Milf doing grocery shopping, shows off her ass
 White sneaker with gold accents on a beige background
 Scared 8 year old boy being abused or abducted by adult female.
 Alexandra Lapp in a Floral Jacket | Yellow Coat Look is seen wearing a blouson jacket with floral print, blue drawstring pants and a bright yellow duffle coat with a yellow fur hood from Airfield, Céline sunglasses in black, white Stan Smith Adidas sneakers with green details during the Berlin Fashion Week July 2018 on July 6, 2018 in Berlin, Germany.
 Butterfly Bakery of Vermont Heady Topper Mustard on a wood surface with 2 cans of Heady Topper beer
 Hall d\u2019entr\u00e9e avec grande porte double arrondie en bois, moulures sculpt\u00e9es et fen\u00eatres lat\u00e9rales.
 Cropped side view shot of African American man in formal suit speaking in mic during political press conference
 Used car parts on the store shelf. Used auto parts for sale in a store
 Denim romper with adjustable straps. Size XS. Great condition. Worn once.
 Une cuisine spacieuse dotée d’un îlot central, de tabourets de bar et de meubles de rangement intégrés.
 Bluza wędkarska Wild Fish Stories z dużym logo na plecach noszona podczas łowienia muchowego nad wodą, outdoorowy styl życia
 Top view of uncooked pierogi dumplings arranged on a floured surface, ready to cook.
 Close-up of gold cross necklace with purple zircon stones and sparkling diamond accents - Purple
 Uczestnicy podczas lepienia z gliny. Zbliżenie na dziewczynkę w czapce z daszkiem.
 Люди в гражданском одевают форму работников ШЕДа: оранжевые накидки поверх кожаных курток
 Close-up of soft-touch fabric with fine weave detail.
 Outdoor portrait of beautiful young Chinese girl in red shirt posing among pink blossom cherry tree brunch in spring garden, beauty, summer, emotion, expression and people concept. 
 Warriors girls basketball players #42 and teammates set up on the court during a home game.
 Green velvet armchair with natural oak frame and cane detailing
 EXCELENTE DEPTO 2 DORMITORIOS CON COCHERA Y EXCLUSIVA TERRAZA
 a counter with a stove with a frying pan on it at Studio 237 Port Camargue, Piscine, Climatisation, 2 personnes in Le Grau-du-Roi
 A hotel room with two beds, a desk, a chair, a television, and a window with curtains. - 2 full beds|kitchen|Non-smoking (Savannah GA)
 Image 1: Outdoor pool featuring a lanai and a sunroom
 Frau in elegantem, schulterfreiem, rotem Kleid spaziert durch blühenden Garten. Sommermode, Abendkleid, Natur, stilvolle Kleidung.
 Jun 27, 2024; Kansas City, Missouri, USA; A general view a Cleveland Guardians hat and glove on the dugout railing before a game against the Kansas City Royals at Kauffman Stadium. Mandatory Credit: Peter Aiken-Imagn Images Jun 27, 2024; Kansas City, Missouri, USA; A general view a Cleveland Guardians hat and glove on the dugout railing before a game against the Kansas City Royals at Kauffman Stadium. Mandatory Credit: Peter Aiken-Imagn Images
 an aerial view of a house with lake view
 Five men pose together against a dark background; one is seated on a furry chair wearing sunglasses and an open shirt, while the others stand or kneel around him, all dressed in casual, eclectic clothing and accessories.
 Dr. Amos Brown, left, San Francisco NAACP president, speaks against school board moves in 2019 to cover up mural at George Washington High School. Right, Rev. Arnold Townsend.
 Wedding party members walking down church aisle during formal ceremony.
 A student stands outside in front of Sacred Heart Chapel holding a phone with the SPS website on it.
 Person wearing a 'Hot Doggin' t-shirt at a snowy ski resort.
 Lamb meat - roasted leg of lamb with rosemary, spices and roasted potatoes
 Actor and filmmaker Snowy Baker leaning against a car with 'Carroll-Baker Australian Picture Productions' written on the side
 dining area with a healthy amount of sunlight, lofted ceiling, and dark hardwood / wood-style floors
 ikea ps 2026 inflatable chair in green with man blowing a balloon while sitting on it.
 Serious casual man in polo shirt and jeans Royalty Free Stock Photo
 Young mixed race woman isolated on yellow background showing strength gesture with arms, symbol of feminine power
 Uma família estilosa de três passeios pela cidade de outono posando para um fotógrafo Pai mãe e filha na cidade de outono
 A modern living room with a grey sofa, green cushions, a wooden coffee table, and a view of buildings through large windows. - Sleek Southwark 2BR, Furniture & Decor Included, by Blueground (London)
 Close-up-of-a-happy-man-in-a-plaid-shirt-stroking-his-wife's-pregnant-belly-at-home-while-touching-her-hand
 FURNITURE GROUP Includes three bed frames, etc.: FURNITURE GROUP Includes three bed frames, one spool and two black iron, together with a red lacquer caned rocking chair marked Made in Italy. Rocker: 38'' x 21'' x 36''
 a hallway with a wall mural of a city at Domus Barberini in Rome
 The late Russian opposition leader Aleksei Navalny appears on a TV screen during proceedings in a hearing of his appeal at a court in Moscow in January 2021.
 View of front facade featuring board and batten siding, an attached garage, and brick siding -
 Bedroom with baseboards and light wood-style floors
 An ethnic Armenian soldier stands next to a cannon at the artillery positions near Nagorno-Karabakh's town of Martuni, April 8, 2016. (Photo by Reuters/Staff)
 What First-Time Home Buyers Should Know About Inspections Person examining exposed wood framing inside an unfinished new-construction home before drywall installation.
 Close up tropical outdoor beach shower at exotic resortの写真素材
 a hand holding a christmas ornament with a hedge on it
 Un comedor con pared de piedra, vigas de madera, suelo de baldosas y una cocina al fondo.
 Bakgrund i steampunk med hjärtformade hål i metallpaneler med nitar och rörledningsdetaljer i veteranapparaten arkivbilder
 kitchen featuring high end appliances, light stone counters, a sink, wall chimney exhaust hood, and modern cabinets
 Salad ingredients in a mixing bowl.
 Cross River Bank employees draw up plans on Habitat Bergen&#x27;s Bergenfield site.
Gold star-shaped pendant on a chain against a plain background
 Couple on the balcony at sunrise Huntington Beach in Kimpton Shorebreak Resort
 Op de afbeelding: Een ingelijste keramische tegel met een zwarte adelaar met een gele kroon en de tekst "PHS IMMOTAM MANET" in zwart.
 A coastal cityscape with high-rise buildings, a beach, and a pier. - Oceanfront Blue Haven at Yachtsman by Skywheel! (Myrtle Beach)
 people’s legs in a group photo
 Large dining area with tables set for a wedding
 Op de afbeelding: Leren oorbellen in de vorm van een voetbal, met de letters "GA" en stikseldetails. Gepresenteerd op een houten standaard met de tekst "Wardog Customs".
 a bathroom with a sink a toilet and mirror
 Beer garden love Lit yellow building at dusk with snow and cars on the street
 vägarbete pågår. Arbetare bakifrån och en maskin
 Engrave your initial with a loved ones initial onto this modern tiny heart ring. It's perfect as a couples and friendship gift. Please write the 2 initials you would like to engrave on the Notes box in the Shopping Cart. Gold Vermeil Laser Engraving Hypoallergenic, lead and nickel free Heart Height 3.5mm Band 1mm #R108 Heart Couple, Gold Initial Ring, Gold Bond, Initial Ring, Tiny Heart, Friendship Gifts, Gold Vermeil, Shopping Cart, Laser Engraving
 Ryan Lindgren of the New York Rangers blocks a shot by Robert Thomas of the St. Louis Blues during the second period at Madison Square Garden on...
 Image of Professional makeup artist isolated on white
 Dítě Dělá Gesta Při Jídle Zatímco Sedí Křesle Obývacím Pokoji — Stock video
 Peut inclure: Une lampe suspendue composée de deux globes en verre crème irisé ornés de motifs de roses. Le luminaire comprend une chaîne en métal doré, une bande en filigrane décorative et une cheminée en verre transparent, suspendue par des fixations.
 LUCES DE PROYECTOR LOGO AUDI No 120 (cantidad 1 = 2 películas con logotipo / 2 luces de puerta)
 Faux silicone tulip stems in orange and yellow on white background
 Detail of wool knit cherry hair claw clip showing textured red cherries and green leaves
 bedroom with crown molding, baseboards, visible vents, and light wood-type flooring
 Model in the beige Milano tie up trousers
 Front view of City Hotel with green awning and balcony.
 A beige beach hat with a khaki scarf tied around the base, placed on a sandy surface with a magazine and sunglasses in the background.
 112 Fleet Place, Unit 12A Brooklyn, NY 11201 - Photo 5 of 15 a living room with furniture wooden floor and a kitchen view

------------------------------------------------

> [YOUR ASSIGNMENT]: Repeat the entries above exactly, beginning at their first line and ending with the line that contains "Alexandra Lapp in", with nothing added.

> [OUTPUT FOR THIS EXERCISE]:
Milf doing grocery shopping, shows off her ass
 White sneaker with gold accents on a beige background
 Scared 8 year old boy being abused or abducted by adult female.
 Alexandra Lapp in a Floral Jacket | Yellow Coat Look is seen wearing a blouson jacket with floral print, blue drawstring pants and a bright yellow duffle coat with a yellow fur hood from Airfield, Céline sunglasses in black, white Stan Smith Adidas sneakers with green details during the Berlin Fashion Week July 2018 on July 6, 2018 in Berlin, Germany.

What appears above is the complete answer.